A post shared hundreds of times on Facebook, archived here, claims that the picture shows food parcels that Rwandan President Paul Kagame "is handing over to each family for telling them to stay at home”. The post asks readers to forward the message to Nigerian leader Muhammadu Buhari.

Image
A screenshot taken on April 9, 2020, showing the misleading post

Similar posts have been shared on Facebook, Instagram and Twitter in Nigeria, as well as in news reports

Ramadan in The Gambia?

A reverse image search revealed the photo has been circulating online since at least May 2019 -- months before the virus emerged in the Chinese city of Wuhan last December.

Facebook posts claim the image shows food donations in The Gambia during the holy month of Ramadan. Posts archived here, here, and here show more pictures from the food distribution.

AFP also found this video from May 2019 showing people walking around the food parcels. A male voice-over in French says a Gambian man named Cheikh Alhadj Ibrahima Silla donated the food to the local Muslim community for the holy month of Ramadan.

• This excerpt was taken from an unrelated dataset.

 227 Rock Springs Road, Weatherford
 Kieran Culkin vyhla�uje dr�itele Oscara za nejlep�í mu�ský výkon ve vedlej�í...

AFP is working to verify the claim that the footage was taken in The Gambia in May 2019.

Former World Bank MD falls for the hoax

A few days after the posts began making the rounds online, Ngozi Okonjo-Iweala, former managing director of the World Bank and two-time finance minister in Nigeria, shared the picture with the caption: “Responsible food distribution with social distancing to assist lower income households in the #COVID19 era! A great example from #Rwanda where community workers also distribute food and other necessities door-to-door”.

Her posts were shared more than 4,500 times on Facebook and Twitter.

Hours after posting the misleading tweet, Okonjo-Iweala tweeted that she had been misled by a friend.

Rwanda and Nigeria have recorded hundreds of cases of the novel coronavirus disease, known as COVID-19. While Rwanda has ordered a nationwide lockdown, Nigeria has shut down two major states -- Lagos and Ogun -- and the Federal Capital Territory.

Rwanda has indeed formulated a social protective plan for the delivery of free food to at least 20,000 households in the capital Kigali.